Confermato l’obiettivo di ridurre le emissioni del 20% rispetto ai livelli del 1990 entro il 2020 (che diventerà il 30% se si raggiungerà un accordo sul clima più vasto a livello mondiale), la Commissione ha stabilito ulteriori traguardi: riduzione del 50% al 2035 e dal 60% all’80% al 2050.
Anche sul versante dell’ETS niente sconti: respinto l’emendamento che voleva che l’industria manufatturiera continuasse a ricevere gratis i permessi per emettere. Dal 2013 almeno il 15% delle quote saranno vendute all’asta dagli Stati nazionali agli operatori dei settori interessati, per arrivare gradualmente al 100% al 2020. Il produttori di elettricità invece dovranno acquistare tutte le quote già dal 2013, mentre un’ eccezione in senso opposto è prevista per i settori ad alta intensità energetica, che, per prevenire il rischio di delocalizzazioni, continueranno fino al 2020 a ricevere i permessi gratis. I soldi raccolti con la vendita dei permessi saranno usati per finanziare azioni di adattamento al global warming e di riduzione delle emissioni, cattura della CO2 compresa.
Il Parlamento europeo, che a dicembre discuterà in assemblea plenaria la proposta appena approvata, sembra dunque intenzionato a proseguire sulla strada della riduzione delle emissioni, senza farsi influenzare dalle preoccupazioni di quegli Stati membri che temono l’impatto sulle proprie economie nazionali delle misure per la riduzione delle emissioni. E, assieme alla Polonia, che dipende dal carbone per il 90% della sua produzione elettrica, e alla Germania, uno dei governi nazionali che più ha messo in dubbio gli obiettivi è stato quello italiano: il Ministro per le politiche comunitarie Andrea Ronchi è da qualche giorno in giro per l’Europa per cercare di convincere i partner Ue ad ammorbidire le misure, con l’appoggio della Confindustria.
Per il Governo italiano i costi per raggiungere gli obiettivi sarebbero eccessivi: secondo una stima del Ministero dell’Ambiente dai 23 ai 27 miliardi di euro all’anno, per Bruxelles 18 circa. Cifre, per inciso, che comunque non tengono conto degli effetti indiretti del pacchetto: da una parte l’aumento del costo per il sistema produttivo e il relativo impatto sull’inflazione, dall’altra il risparmio di combustibili fossili e l’indotto economico di rinnovabili ed efficienza energetica. Per non parlare dei danni economici che causerebbero gli effetti del global warming se non contrastato.

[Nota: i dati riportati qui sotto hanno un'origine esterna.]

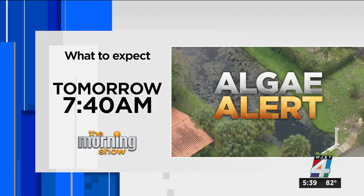Reporting live, Marilyn Parker, Channel 4. Tomorrow at 7:40 on the morning show, the St. Johns Riverkeeper Lisa Reinemann will let us know what you can expect if you plan to head out to the water this weekend.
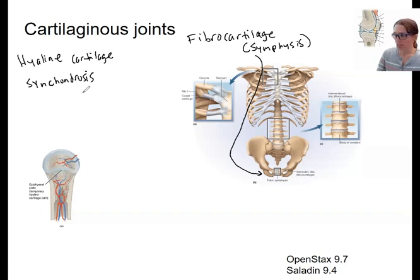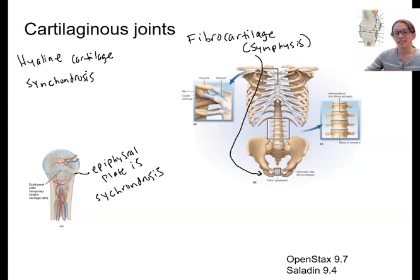Synchondroses include the hyaline cartilage plate of long bones — the epiphyseal plate is hyaline cartilage, so it's a synchondrosis. It unites the epiphysis to the diaphysis, and it's growing tissue that allows long bones to lengthen until growth stops after adolescence.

Intanto, mentre il nostro Governo vorrebbe frenare la lotta alle emissioni per difendere l’economia, ad incitare misure decise contro le emissioni sono proprio alcune tra le più grandi aziende europee: il Gruppo europeo dei dirigenti di impresa, che raggruppa i vertici di grandi società come Phillips, Shell, Tesco e Vodafone, alla vigilia del voto ha inviato ad ogni membro dell’Europarlamento una lettera in cui esprimeva il proprio favore nei confronti delle misure proposte nella quale scrive:
“Siamo dell’idea che i benefici di un intervento deciso e tempestivo sul cambiamento climatico siano superiori ai costi dell’inazione. Riconosciamo che le questioni legate alla competitività Europea e le preoccupazioni europee riguardo alla recessione economica globale influenzeranno il dibattito, ma siamo certi che l’adozione di un pacchetto legislativo deciso ed efficace alla fine avrà effetto positivo sulle imprese europee.” Proprio tutt’altra musica rispetto a quella suonata dalle nostre grandi imprese.